Ближе к Уральской станции плодородная равнина, орошаемая обильными водами Ахангрена и его притоков, начинает мало-помалу принимать характер дикой степи. Все чаще встают кругом и вырезаются на далеком горизонте угрюмые могильные курганы, безмолвные и загадочные памятники давно прошумевшей здесь истории; все больше попадаются на глаза пасущиеся стада верблюдов и темные кибитки кочевников, скученные, как гнезда грибов.
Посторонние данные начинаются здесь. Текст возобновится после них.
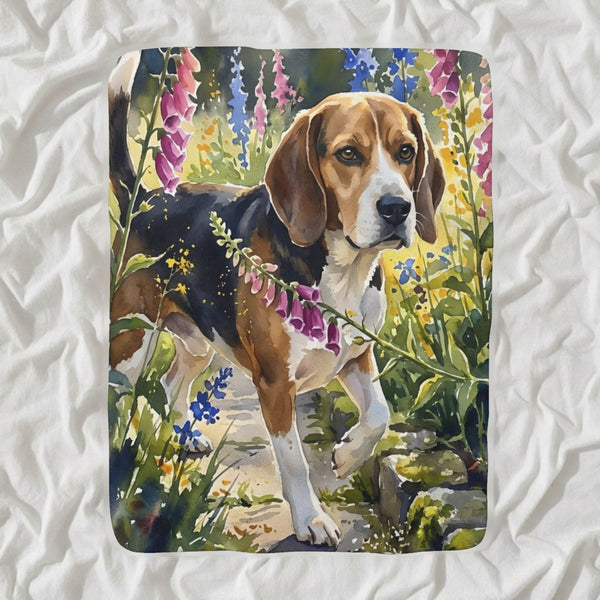 Beagle Watercolor Sherpa Fleece Blanket, Soft Dog Painting, Beagle Lover Gift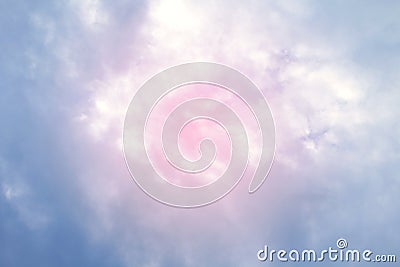 Sky fluffy pink blue soft purple multicolored background beautiful sky with pink clouds, two tone sky background colorful Stock Photo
Уральская станция уже стоит каким-то одиноким боевым бастионом среди пустой степи, недоверчиво щетинясь против нее своими двумя круглыми башнями и крепостными стенами. Так мало лет еще прошло с тех пор, как эта пограничная местность
подвергалась чуть не ежедневным набегам соседних кокандцев, тогда еще не покоренных и дышавших ненавистью против русских за отнятые у них города и области. От Уральской до Джам-Булака - сплошная степь, гладкая как ладонь, во всей своей суровой серьезности. Ни одного арыка, ни одного деревца, ни одного жилья… Бесчисленные стада овец и верблюдов, которые по целым дням могут обходиться без воды, бродят по этим необхватным сухим пастбищам, где уже в конце апреля трава выгорает, как в развал летнего зноя. Овцы здесь совсем не похожи на наших: огромные, с длинною шерстью, с двойными жирными курдюками, на ногах высоких, как у теленка, цветом они почти все черные, темно-коричневые, желтые, белых не попадается вовсе. Кибиток, однако, не видно в степи; они все теперь подобрались выше, в прохладу гор. Эти горы кажутся так близко, рукой достанешь; но до них порядочно много верст. Это виден нам хребет Курама-Тау. Он тянется по горизонту голыми, окаменелыми волнами, чуть только зеленеющими у подножия, высоко поднимаясь в облака. Эта степь на рубеже двух старых ханств, на рубеже диких скифских кочевий, отделявшихся Яксартом от Согдианы и Трансоксаны, была во все века полем жестоких схваток между народами; оттого, конечно, она и щетинится теперь частыми курганами, которые в иных местах залегают сплошным кладбищем. Уральская станция обсыпана ими. Щедрая мать-природа, целительница людской вражды и людской злобы, прикрыла эти печальные памятники смерти веселою багряницею весенних цветов; везде, по холмам, по равнинам пробрызнули, будто выступившие из древних могил бесчисленные капли пролитой здесь некогда крови, - кроваво-красные цветы полевого мака. Должно быть, киргизам-кочевникам, детям крови, пришлись вполне по вкусу эти кровавые цветы: и они тоже нарядились с головы до ног в кроваво-красные одежды, не находя, по-видимому, ничего радостнее для сердца степного разбойника, как этот цвет свежепролитой крови.
______
Поразительно полное отсутствие русского элемента в этой «русской» степи. Даже солдат совсем не видно. Редко попадается где-нибудь на станции русский староста, беспомощно затерянный среди курамы или киргизов, русский почтальон, русский проезжий. Я с детски-радостным чувством увидел на дороге человек шесть русских рабочих, проходивших босиком из Ташкента в Ходжент, с сапогами на плечах. Они казались такими далекими пришлецами из другой части света, такими «чужестранцами» в этом царстве киргиза и верблюда! Еще больше удивил меня один порядочно одетый господин, подъехавший верхом из глубины степи к станции Джам-Булак. Он оказался приказчиком одной из ташкентских купеческих фирм, имеющей поблизости какие-то торговые дела. Мне стало жутко за него, когда, окончив свое дело на станции, этот одинокий всадник в европейском платье опять потонул в серых далях пустынной степи, где не видно было ничего, кроме безмолвных старых могил.
______
Особенно странно, что в этих новых «забранных» местах совсем нет русского монаха, русского священника.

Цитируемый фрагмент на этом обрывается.